Information provided>
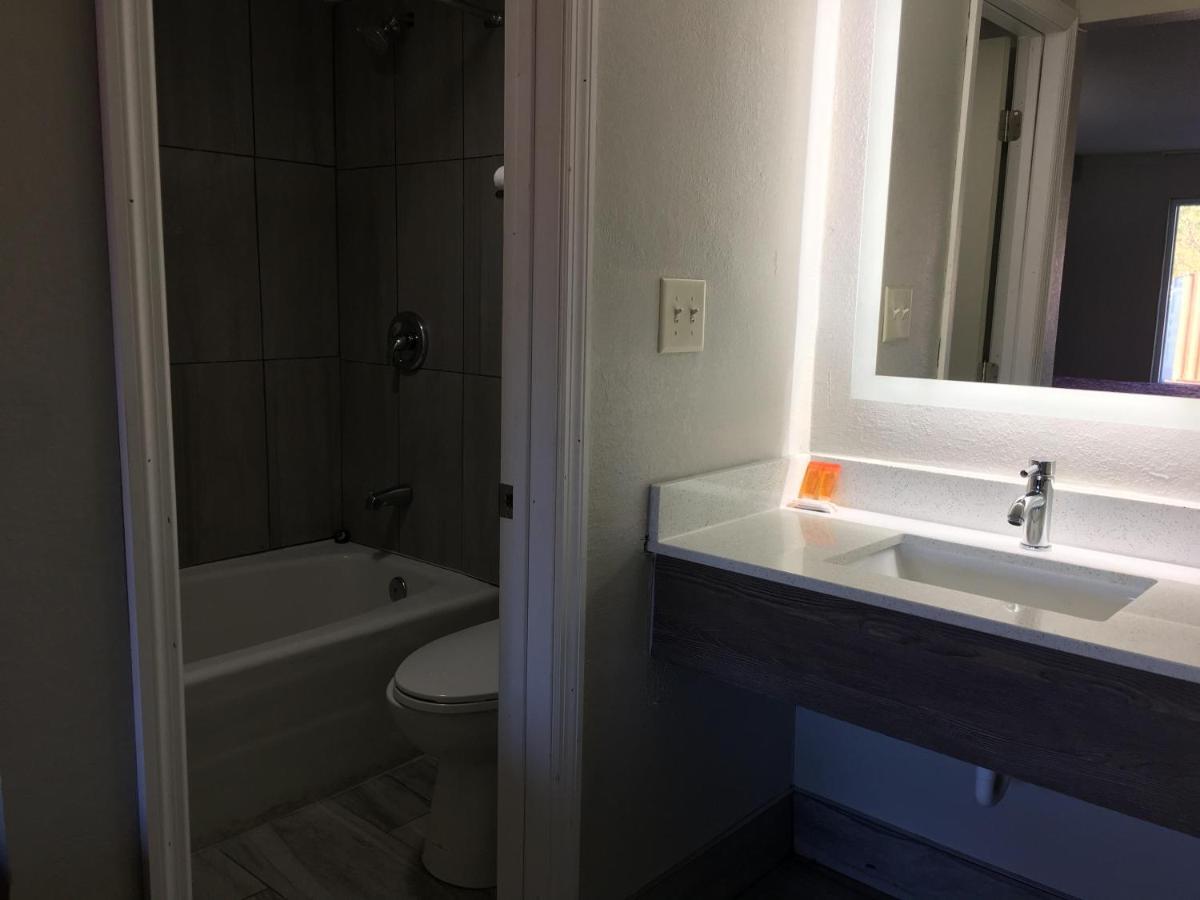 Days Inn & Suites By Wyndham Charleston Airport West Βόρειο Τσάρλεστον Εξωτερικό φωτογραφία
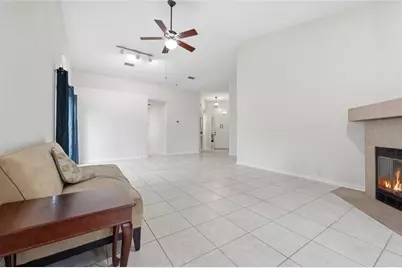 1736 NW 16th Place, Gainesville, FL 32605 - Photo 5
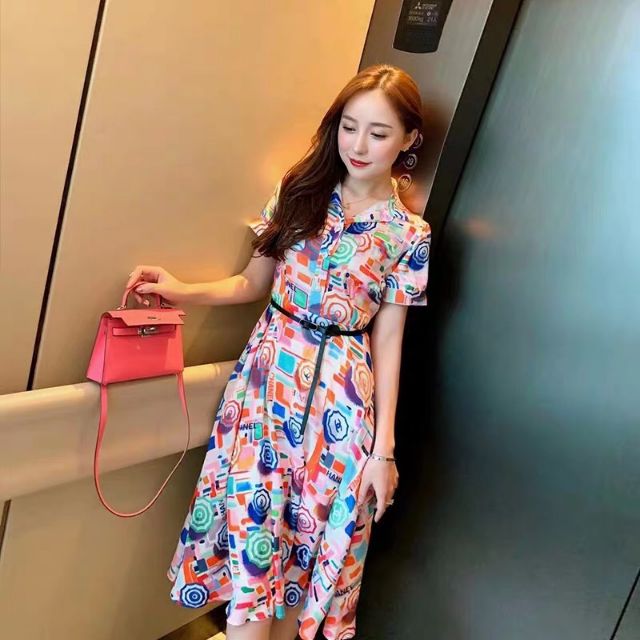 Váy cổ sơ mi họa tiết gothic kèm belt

Exercise aim>
Quote each line of the listing exactly, but leave the pictures out.

Solution>
 Days Inn & Suites By Wyndham Charleston Airport West Βόρειο Τσάρλεστον Εξωτερικό φωτογραφία
 1736 NW 16th Place, Gainesville, FL 32605 - Photo 5
 Váy cổ sơ mi họa tiết gothic kèm belt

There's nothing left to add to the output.